Il binomio della Festa della Liberazione era infatti resistenza/antifascismo proprio per sottolineare l'importanza dei valori fondativi della nostra repubblica e il loro valore nella lotta di liberazione condotta dai partigiani, parole che un certo revisionismo sta tentando di svuotare del loro significato.
Lavoro e libertà hanno seguito un percorso analogo. Lavoro è parola bandita nel nostro vocabolario quotidiano, mentre libertà è così inflazionata che ha perso il suo significato autentico. Ma andiamo per gradi.

La parola lavoro è completamente sparita dal suo uso quotidiano perchè sono sparite le condizioni elementari del lavoro: sicurezza, certezza e dignità del lavoro.

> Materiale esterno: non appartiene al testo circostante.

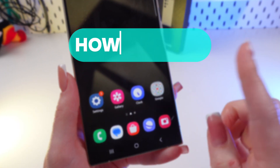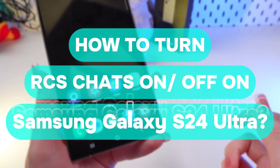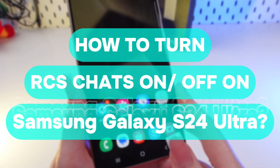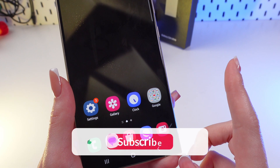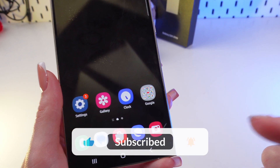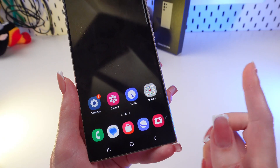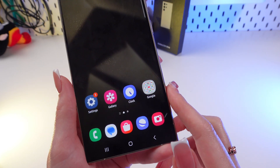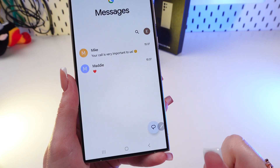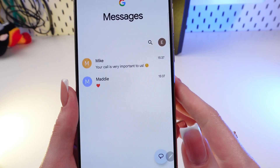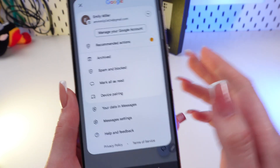Hi there, let me show you how to enable or disable RCS chats on the Samsung Galaxy S24 Ultra. Before we start, don't forget to follow to see more useful content. Firstly, let's launch Google Messages on the phone that is set up here by default, and now we need to click on this icon.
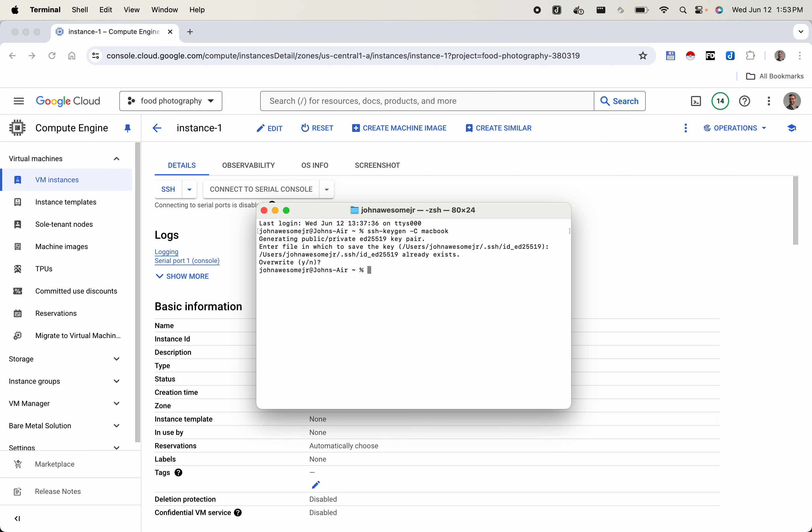Press enter and you'll have that key generated. If it asks you if you want to have a password, you can safely ignore that and bypass it just by pressing enter twice, because we are not going to be using passwords for this.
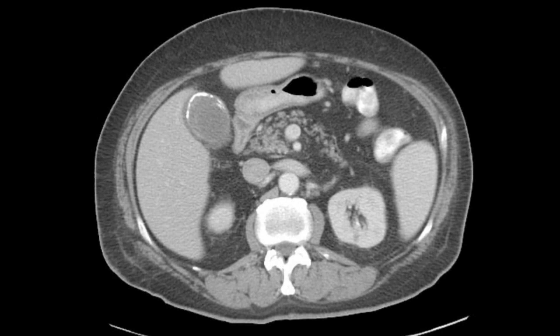Here is another example of a CT axial image to show you how porcelain gallbladder appears on CT. These images will help you shape your final diagnosis and report that the gallbladder wall is calcified and suggestive of porcelain gallbladder.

Il lavoro di oggi è al contrario poco sicuro; sono più di mille i lavoratori che ogni anno perdono la vita nei cantieri, nelle fabbriche, nei campi. I più colpiti sono giovani, immigrati, impiegati nell'edilizia e in agricoltura: uno spaccato che ci dice chiaramente come e dove si colpisce il lavoro.

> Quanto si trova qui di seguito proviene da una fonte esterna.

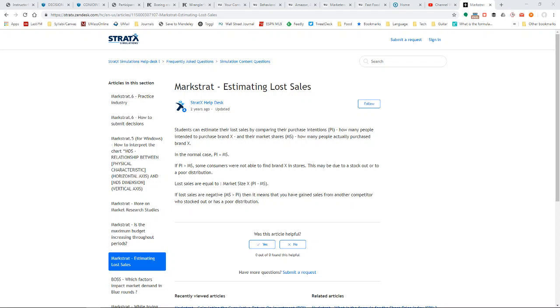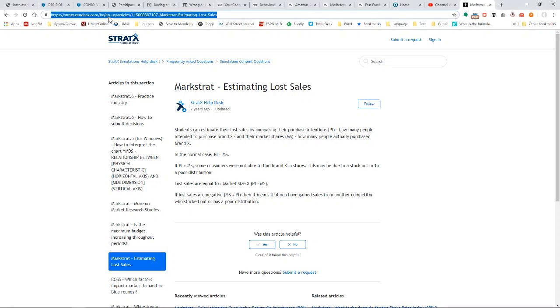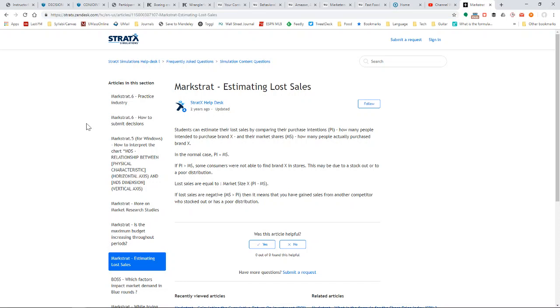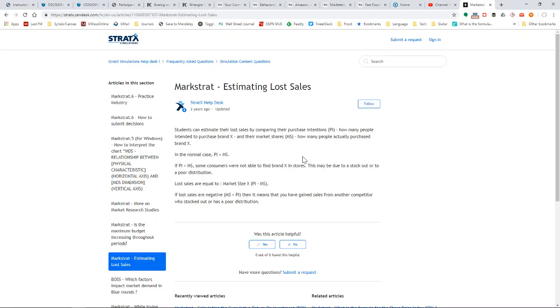You can see this here. I note the web address here. This is a good resource for lots of information that isn't necessarily in the handbook, but this gives you a method to roughly estimate lost sales. Basically what you'll do is take each segment's market size and multiply it by purchase intentions.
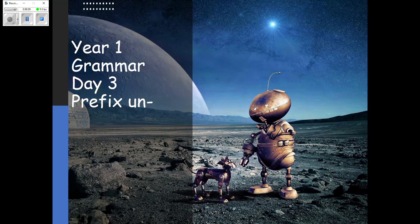Today we're going to again be looking at prefixes and you're going to be applying it today to write and fill in the gaps in sentences. So before we start, can you just tell your grown-up what prefixes are and what they do?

La sicurezza è messa in discussione dal caporalato in agricoltura (dove spesso gli immigrati lavorano piegati nei campi per pochi euro al giorno e a contatto con agenti chimici), è messa in discussione dalle speculazioni edilizie (l'indotto criminale sugli appalti, subappalti e forniture è causa della logica del risparmio sulla manodopera), è messa in discussione dalle connivenze tra controllori e controllati: sindacati e ispettorati hanno le armi spuntate difronte a forme contrattualistiche sempre più selvagge, hanno pochi organici e spesso sono poco retribuiti e pertanto suscettibili di ocrruzione da parte dei padroni.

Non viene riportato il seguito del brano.